When I met Prabal Gurung for a walk-through of his Atelier collection, hanging on a rack behind him was one of those dress-like-the-statue-you-want-to-win gowns—a strapless column in a burnished, glowing gold. You’d know it if you saw it because comedian Nikki Glaser recently wore it when she hosted the Golden Globes, which attracted 9.3 million viewers, some of them primarily there for the fashion. Fast forward a few weeks and the inauguration offered another dress-up spectacle. It would seem that despite a feeling of general unrest, the other half is not only living well, but leaning into classic occasion attire.

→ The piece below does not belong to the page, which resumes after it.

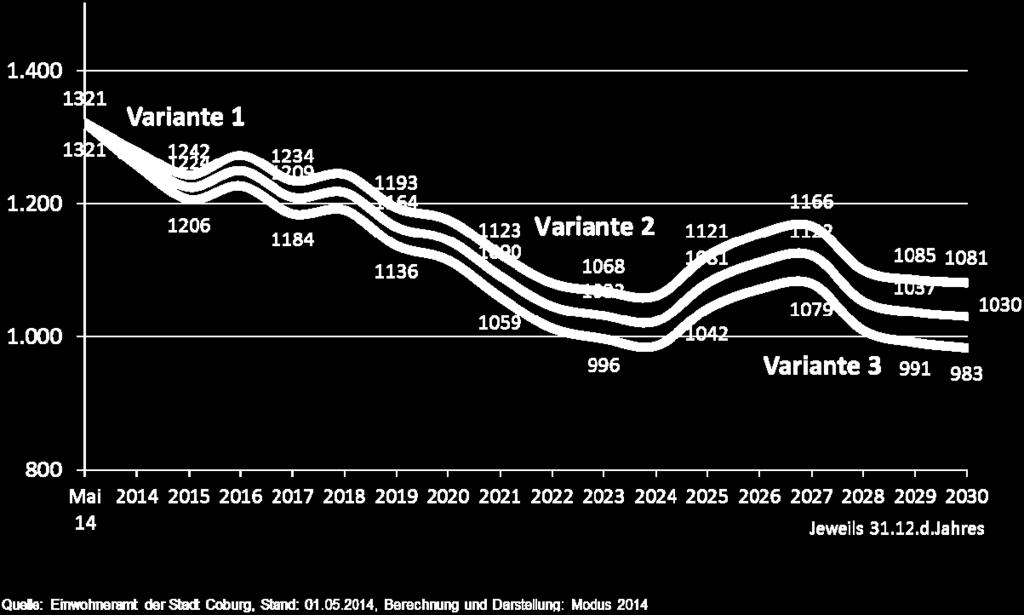 Insgesamt beträgt die Abnahme von 2014 bis zum Jahr 2030 bei Variante 1-25,6%, bei Variante 2-22,0% und bei Variante 3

It often seems there are at least two degrees of reference when it comes to celebrity red carpet dressing, and you can see how that played out in this collection where there were dresses with petticoats, lean looks a la Joan Crawford, and ruffled dazzlers with a Ginger Rogers kind of flair. The final look, with diamanté corset lacing at the sides of the body, fell into what the designer jokingly referred to, echoing his friends’ lingo, as “sweet and slutty.” On the other end of the spectrum was look 26, a high waisted pink gown with a cape back and rhinestone ball buttons that conjured Lee Radziwill and the swans.

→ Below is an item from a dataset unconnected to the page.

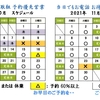 ’２１年１０月７日（木）Haco-kibi Diary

Eveningwear tends to be rather templated, with colors and fabrics changing at a greater frequency than silhouettes. Gurung, a man about town, knows his customer and, he said, she wants a princess moment, not something especially fashion forward. As such there was no narrative here, rather options for different body sizes and tastes. Although Gurung’s designs can fit diverse body shapes, he reported that thin is in: “In this Ozempic era, everybody wants to show off their body—it’s insane.”
Occasion dressing feels static, and the way Gurung photographed the looks made them appear to be monumental. Up close they felt more relatable, and there were some beauties. The workmanship on a caviar black beaded lampshade dress was incredible, and the polka dot numbers had a certain nostalgic charm. I asked Gurung, where do nostalgia and conservatism meet? He posited that “during uncertain times” people feel comfort in what came before. And, he added, there’s a power in femininity. Today’s woman, he noted, is dressing for herself, rather than to please a man. Let’s not forget the photo ops, though. The camera is the new magic wand.